Bahkan, berbagai suku di Tanah Air juga punya
kalendernya sendiri. Dari kalender itu, bisa diketahui
siklus masa panen dan siklus bencana. Semuanya
didasari pada perhitungan kearifan bahwa usia bumi
pasti ada batasnya.
Dan yang menjadi fenomenal, ketika trailer film
2012 karya Roland Emmerich diputar serentak dan
jadi perbincangan luas, baik astronom, budayawan,
agamawan, sampai tukang koran. Film itu diinspirasi
dari manuskrip berupa kalender kuno suku Maya yang
ditemukan di reruntukan di Meksiko. Suku Maya
sendiri hidup sekitar 1800 SM di Meksiko Selatan.
Suku Maya dikenal ahli ilmu matematika dan
astronomi. Mereka membuat kalender panjang yang
mencapai 5.126 tahun.
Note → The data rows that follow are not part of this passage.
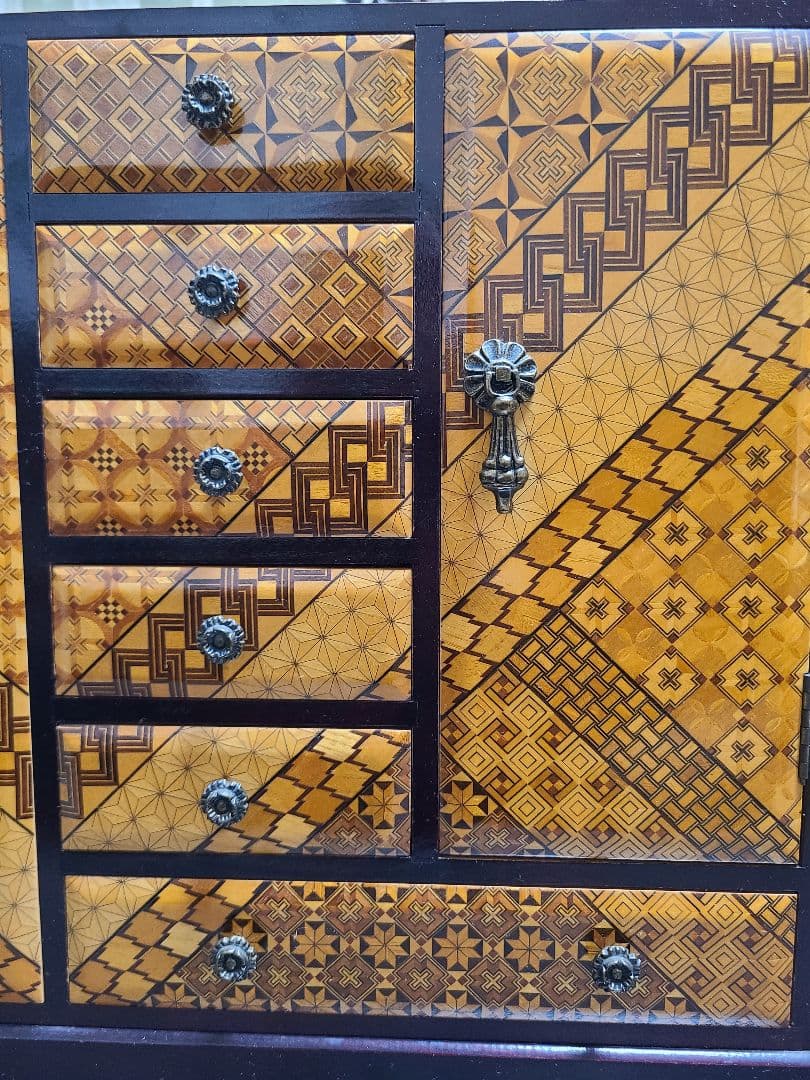 寄木細工　レトロなアクセサリー小物入れ　ミニタンス　特大寄木細工の鏡付き整理箪笥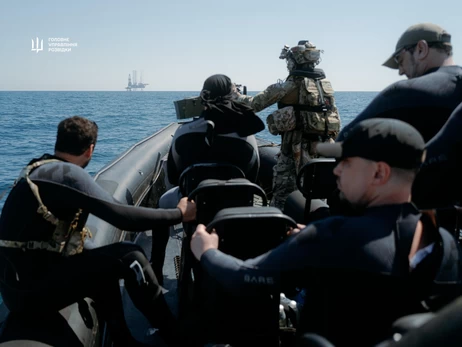 Буданов в гидрокостюме побывал на Змеином и на 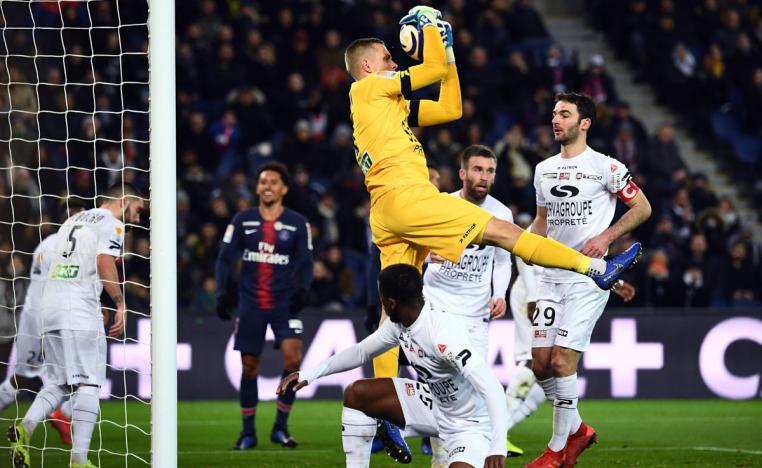 سان جرمان يفقد هيبته على أرض غانغان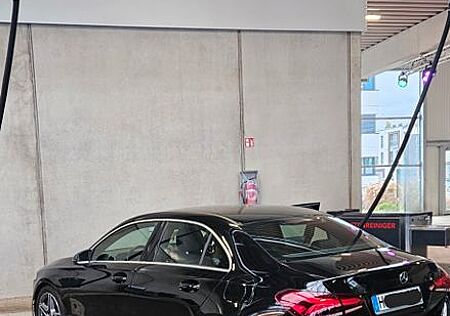 Mercedes-Benz A 220 DCT -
Bila perhitungannya
dikonversi ke kalender modern, maka kehidupan di
bumi berhenti pada 21 Desember 2012. Film 2012
menciptakan kehancuran di bumi. Lalu, mendramatisir
dengan memunculkan kehidupan baru setelah 2012
dan waktu diputar mundur menjadi 1901.
Apa sesungguhnya yang terjadi pada 2012? Suku
Maya menghentikan kalendernya hingga 2012. Ini
suatu kelemahan. Sementara kalender modern, baik
yang mendasarkan pada perputaran matahari atau
bulan terus bergerak. Roland Emmerich memanfaatkan
berhentinya kalender Maya dengan memunculkan
bencana dahsyat seperti kiamat. Padahal, bencana
itu tak ada dalam ramalan Maya.
NASA (badan antariksa Amerika) dan ESA (badan
antariksa Eropa), meneliti bahwa yang mungkin terjadi
adalah badai matahari menjelang 2012 nanti. Ada
banyak bintik hitam dan putih di permukaan matahari.
Itu tanda ledakan hebat yang besarnya 6000 kali lipat
dari ledakan bom atom di Hirosima. Lembaga Antariksa
dan Penerbangan Nasional (Lapan) juga memprediksi
akan ada badai matahari yang menyerang bumi pada
sekitar 2012. Badai itu, akan merusak jaringan
komunikasi di seluruh dunia.
Lalu, bagaimana kacamata teologi melihat ini?
Dalam teologi samawi (Islam, Kristen, Yahudi),
memang, ada ajaran untuk mengimani hari akhir.
Nubuwat yang kita terima, tidak menyebut tanggal,
bulan, dan tahun, kapan bumi ini akan tutup usia. Yang
ada hanya prediksi berbagai peristiwa ganjil pada
suatu kurun menjelang kiamat. Biarlah akhir hayat bumi
jadi wilayah prerogatif Tuhan.
Namun, lepas dari semua kontroversi itu,
berbagai kalender yang dibuat dari tradisi ilmiah
maupun tradisi etnik, tetap bermuara pada
perhitungan kearifan teologis bahwa kiamat pasti
tiba. Seperti teori yang dikemukan para astronom,
bumi kita seperti balon yang terus ditiup dan terus
ditiup hingga membesar. Lalu, meledak. Begitulah
bila sang waktu jadi perbincangan. Dikejar, dia terus
berlari. Dihentikan, dia terus berputar.
Hanya Sang Pencipta waktu yang bisa
mengendalikan, kapan saatnya waktu berhenti. Kini,
kita sudah memasuki fajar 2010. Jatah usia bumi pun
terus berkurang. Kita sambut pergantian tahun
dengan kearifan. Dengarlah syair Opik ini: “Bila waktu
telah berhenti, teman sejati hanyalah sepi. Bila waktu
telah berhenti, teman sejati hanyalah amal.”